JOURNAL ENTRY AND OPINION No. 98662

ROBERT SCHIEMANN, ET AL. PLAINTIFFS-APPELLANTS

vs.

FOTI CONTRACTING, L.L.C., ET AL. DEFENDANTS-APPELLEES

JUDGMENT: AFFIRMED

Civil Appeal from the Cuyahoga County Common Pleas Court Case No. CV-730877

BEFORE: Blackmon, J., Stewart, A.J., and Jones, J.

RELEASED AND JOURNALIZED: January 31, 2013 ATTORNEYS FOR APPELLANTS

Stephen S. Vanek Jeffrey H. Friedman Friedman, Domiano & Smith Co. 55 Public Square, Suite 1055 Cleveland, OH 44113

David R. Grant Plevin & Gallucci Company, L.P.A. 55 Public Square, Suite 2222 Cleveland, OH 44113

ATTORNEYS FOR APPELLEE

Jan L. Roller Megan D. Stricker Davis & Young 1200 Fifth Third Center 600 Superior Avenue, E. Cleveland, OH 44114

PATRICIA ANN BLACKMON, J.: {¶1} Appellants Robert Schiemann and Joana Schiemann (“the Schiemanns”)

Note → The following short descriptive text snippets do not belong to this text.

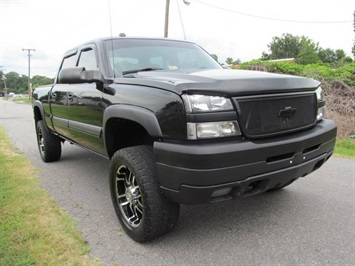 2005 Chevrolet Silverado 2500 LS (SOLD)   - Photo 4 - North Chesterfield, VA 23237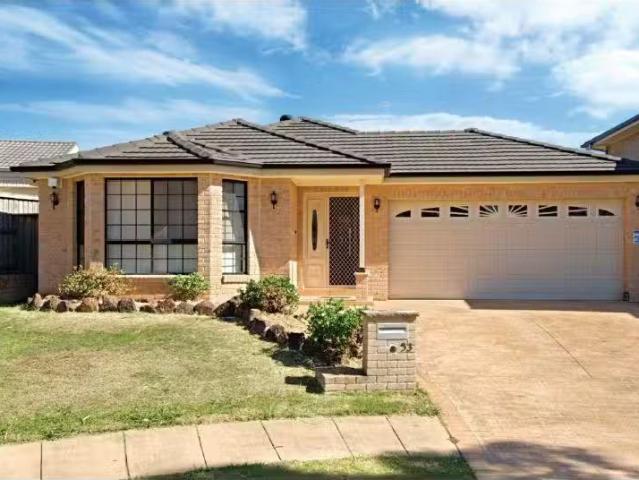53 Kentwell Crescent, Stanhope Gardens House for rent Listed.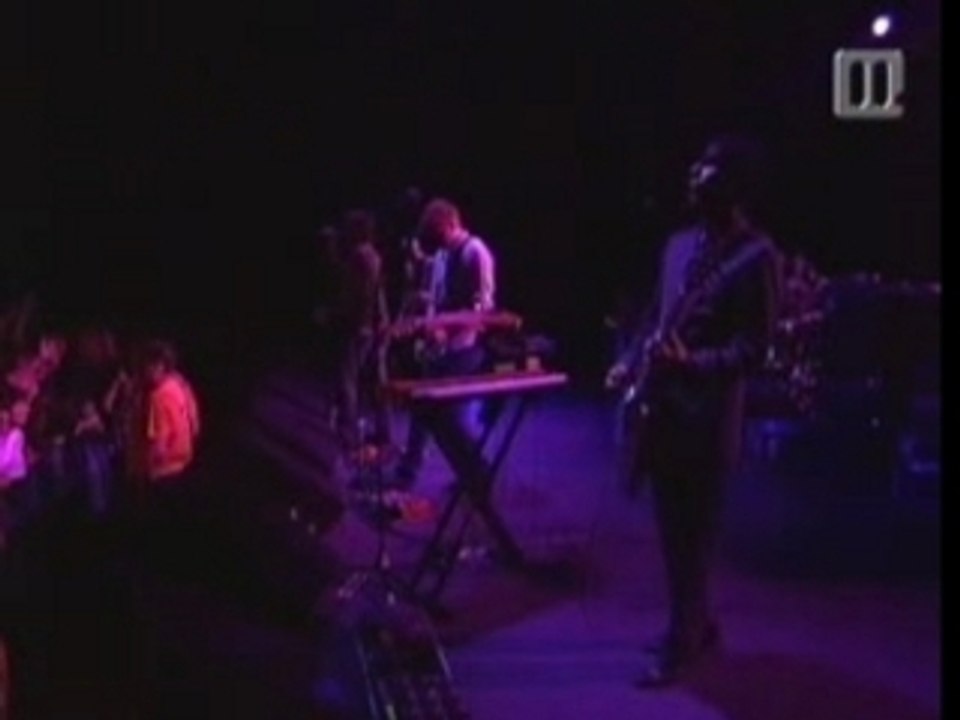 QOTSA - Autopilot (Live)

appeal from the trial court’s granting of summary judgment in favor of appellee Foti

Contracting, L.L.C. (“Foti”).1 They assign the following error for our review:

The trial court erred when it granted summary judgment in favor of

Appellee Foti Contracting, L.L.C.

{¶2} Having reviewed the record and pertinent law, we affirm the trial court’s

judgment. The apposite facts follow.

Facts

{¶3} Robert Schiemann was employed by Foti intermittently since 1993. Foti is

an independent subcontractor of Panzica Construction Company (“Panzica”). Panzica

had hired Foti to provide masonry services at a project located at 1211 St. Clair Avenue in

Cleveland, Ohio. On July 8, 2008, Schiemann was working with the stone masons who

were laying stone on the exterior of a building. His duties included raising the scaffold’s

work platform on which the masons stood to perform their work. Schiemann was

working 18 feet above the ground, raising the platform from the third to the fourth level

when he lost his balance and fell forward through the approximately three-foot gap

between the front of the scaffold and the face of the building and sustained injuries.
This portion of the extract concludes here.